[Opening DATA RECORDS section]

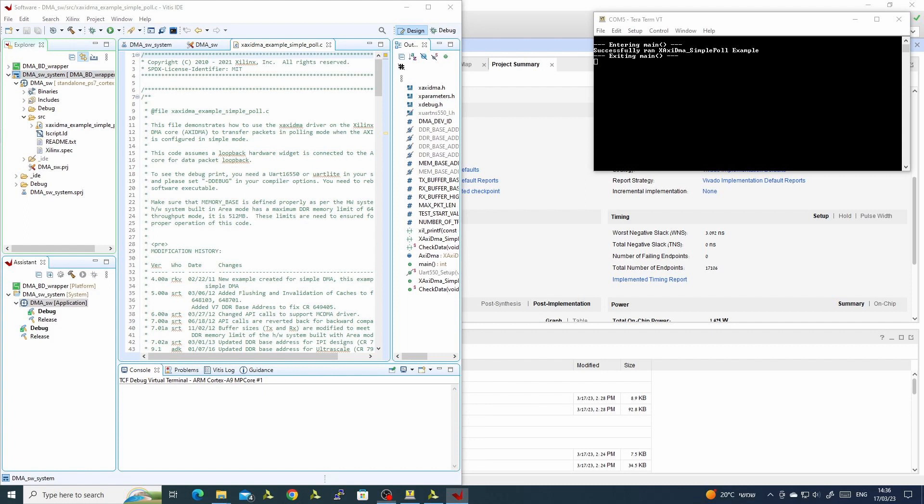In this video we built the design with the Zynq DMA controller and the FIFO, and saw it running with Xilinx example software right out of the box. In the next video I will go over the software and explain how it is written and how to use the Xilinx software packages for the DMA.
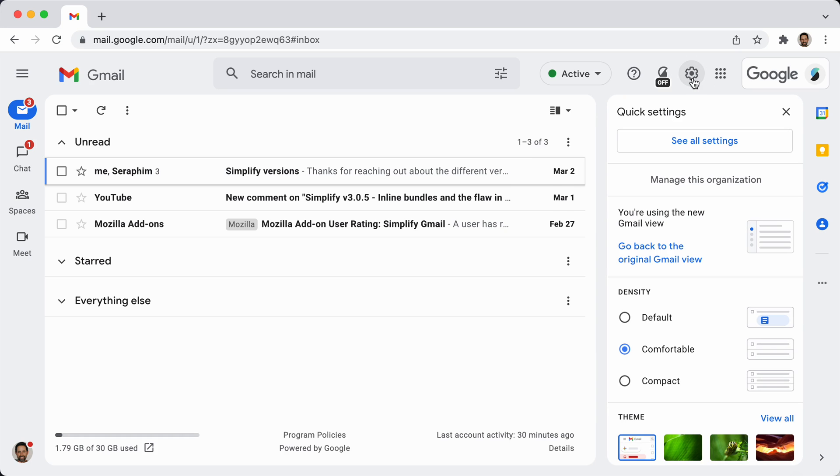So the way to opt out is you just click on Gmail settings gear and then you go back to the original Gmail view and you can opt back in at any point.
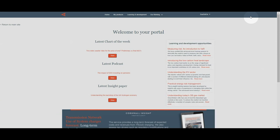Now you can access the latest charts of the week, podcasts, and insight papers on the energy market straight from your portal.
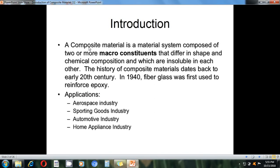For example, when we mix glass with epoxy material, that is one composite material — glass-epoxy. The history of composite materials dates back to the early end of the 20th century.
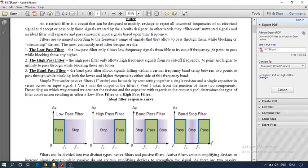A low pass filter passes the desired frequency from 0 to a cutoff frequency fL and stops the high frequencies. A high pass filter does the opposite — it passes higher frequencies and stops lower frequencies. A band pass filter passes a range of frequencies, for example 50 to 500 Hz or 60 to 500 Hz.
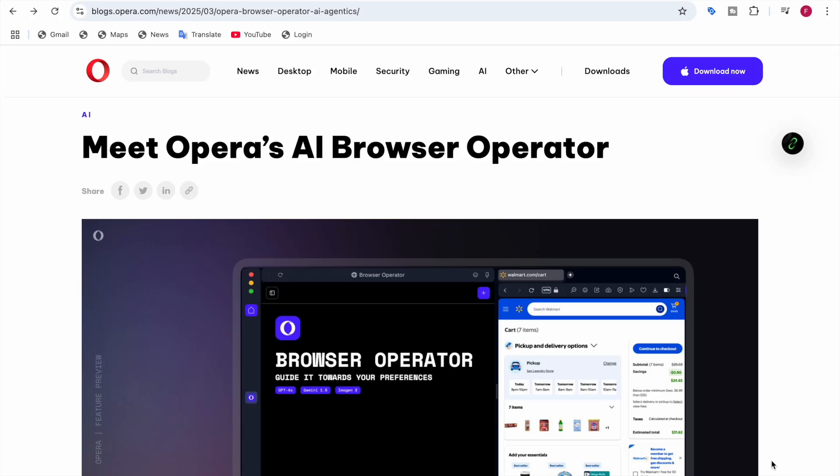Hey everyone, Data Sciency here. Imagine this: you need to buy socks, book a ticket, but instead of doing it yourself, your browser just handles this for you. Sounds like sci-fi, right? Well, Opera just made it real. Meet Opera's AI browser called Operator—Opera's built-in AI that doesn't just assist you, it actually does things for you on the web.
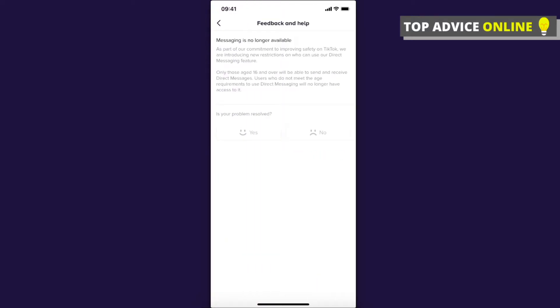And as you can see here, only those age 16 and over will be able to send and receive direct messages. So what you need to do here is to press No problem not resolved and still have a problem. Press on that.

[Closing DATA RECORDS section]

- _TASK DESCRIPTION_:
Every entry above is to be transcribed exactly, with all pictures left out.

- _ANSWER BELOW_:
In this video we built the design with the Zynq DMA controller and the FIFO, and saw it running with Xilinx example software right out of the box. In the next video I will go over the software and explain how it is written and how to use the Xilinx software packages for the DMA.
So the way to opt out is you just click on Gmail settings gear and then you go back to the original Gmail view and you can opt back in at any point.
Now you can access the latest charts of the week, podcasts, and insight papers on the energy market straight from your portal.
For example, when we mix glass with epoxy material, that is one composite material — glass-epoxy. The history of composite materials dates back to the early end of the 20th century.
A low pass filter passes the desired frequency from 0 to a cutoff frequency fL and stops the high frequencies. A high pass filter does the opposite — it passes higher frequencies and stops lower frequencies. A band pass filter passes a range of frequencies, for example 50 to 500 Hz or 60 to 500 Hz.
Hey everyone, Data Sciency here. Imagine this: you need to buy socks, book a ticket, but instead of doing it yourself, your browser just handles this for you. Sounds like sci-fi, right? Well, Opera just made it real. Meet Opera's AI browser called Operator—Opera's built-in AI that doesn't just assist you, it actually does things for you on the web.
And as you can see here, only those age 16 and over will be able to send and receive direct messages. So what you need to do here is to press No problem not resolved and still have a problem. Press on that.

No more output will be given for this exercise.